Fix savepoint problems #392

shashken · 2021-01-11T13:24:20Z

I found 2 problems related to savepoints:

When upgrading a job, there was no option to take a savepoint before upgrading (and using it to restore)
added a flag to fix this case
When a cluster starts it tries to take a savepoint, the savepoint status only updates once it completes, this creates a situation where a new savepoint gets triggered while the previous one is still running, and it keeps happening if your savepoints won't finish quickly (forever)
I solved this with another value that holds the savepoint trigger time, and an increased savepoint timeout, so while a savepoint is still running a new one will not get triggered.

@functicons I'd love to get your feedback on this, we might want to create a stronger solution later on but for now savepoints are impossible to use with this operator if they take some time.

changes

Use StatefulSet instead of Deployment (GoogleCloudPlatform#354)

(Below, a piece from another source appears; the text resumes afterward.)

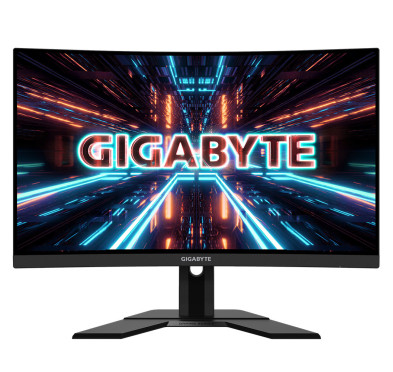 Ecran Gaming VA GIGABYTE G27FC, 27", 1ms, 165Hz -Curved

Update Helm chart CRD for PR GoogleCloudPlatform#379 (GoogleCloudPlatform#386)

functicons · 2021-01-13T01:54:50Z

/gcbrun

functicons · 2021-01-13T02:00:03Z

Thanks for the PR, will review as soon as I get a chance.

functicons

Left some comments, thanks!

functicons · 2021-01-13T05:03:18Z

api/v1beta1/flinkcluster_types.go

-	SavepointTriggerReasonUpdate        = "update"
+	SavepointTriggerReasonUserRequested    = "user requested"
+	SavepointTriggerReasonScheduled        = "scheduled"
+	SavepointTriggerReasonScheduledInitial = "scheduledInitial"

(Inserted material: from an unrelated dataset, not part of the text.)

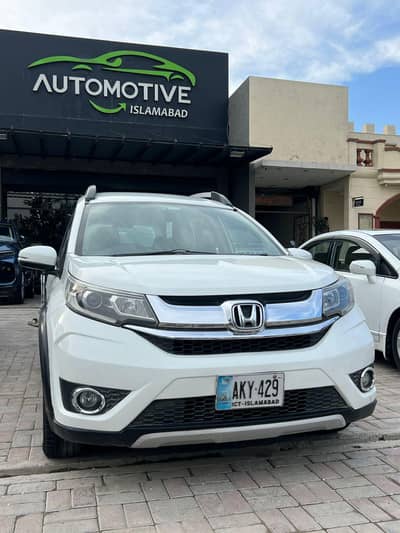 Honda BR-V 2018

Add a comment about this reason.

functicons · 2021-01-13T05:04:37Z

api/v1beta1/flinkcluster_types.go

@@ -347,6 +348,9 @@ type JobSpec struct {
 	// Allow non-restored state, default: false.
 	AllowNonRestoredState *bool `json:"allowNonRestoredState,omitempty"`

+	// Should take savepoint before upgrading the job, default: false.
+	ShouldTakeSavepointOnUpgrade *bool `json:"shouldTakeSavepointOnUpgrade,omitempty"`


nit: s/ShouldTakeSavepointOnUpgrade/TakeSavepointOnUpdate.

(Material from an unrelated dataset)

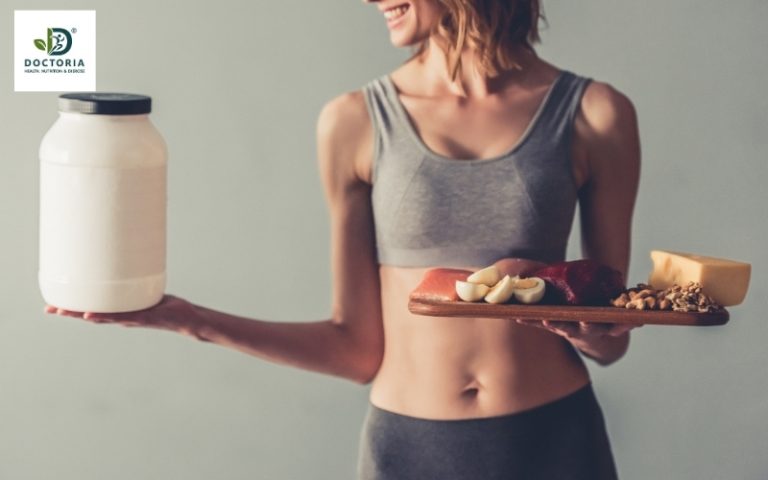 Vai trò của các chất dinh dưỡng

@shashken It would be nice to consider setting a default value for takeSavepointOnUpgrade field. Otherwise it could lead to a nil pointer error like #408. You can easily set it with a marker like kubebuilder:default.

And considering the naming consistency, the field name TakeSavepointOnUpdate looks better to me.

@shashken @functicons And the default value is false in the comment. Wouldn't it be better to set it to true? It seems common to restore the job from the latest savepoint.

functicons · 2021-01-13T05:05:30Z

api/v1beta1/flinkcluster_types.go

@@ -567,6 +571,9 @@ type JobStatus struct {
 	// Last savepoint trigger ID.
 	LastSavepointTriggerID string `json:"lastSavepointTriggerID,omitempty"`

+	// Last successful or failed savepoint operation timestamp.


What if the operation is still in progress?

I'll change the comment here. This flow is still not 100% bug proof, I think more work needs to be done on savepoint flow.

Then add more comments about the potential problems and TODOs.

Fixed the doc there

functicons · 2021-01-13T05:07:33Z

controllers/flinkcluster_reconciler.go

 		if shouldUpdateJob(observed) {
 			log.Info("Job is about to be restarted to update")
-			restartJob = true
+			err := reconciler.restartJob(*jobSpec.ShouldTakeSavepointOnUpgrade)


I prefer keeping the existing structure and introducing a variable takeSavepointOnUpdate for the 2 cases.

You sure? each case needs to pass a different argument to restartJob. I think its much cleaner like that

functicons · 2021-01-13T05:08:40Z

controllers/flinkcluster_reconciler.go

-			if ok, savepointTriggerReason := reconciler.shouldTakeSavepoint(); ok {
+			shouldTakeSavepont, savepointTriggerReason := reconciler.shouldTakeSavepoint()
+			if shouldTakeSavepont {
+				reconciler.updateSavepointTriggerTimeStatus()


This method might return error.

functicons · 2021-01-13T05:11:00Z

controllers/flinkcluster_util.go

@@ -42,7 +42,7 @@ const (
 	ControlRetries            = "retries"
 	ControlMaxRetries         = "3"

-	SavepointTimeoutSec = 60
+	SavepointTimeoutSec = 900 // 15 mins


Can we make it configurable as a field in the job spec?

This might not be the best case, I increased it for the moment but I think we need to check the jobmanager's API to see SP status in the next SP PR. Do you think its bad we increased it to 15 mins? Is there a case where some1 will want to take SP every <15mins?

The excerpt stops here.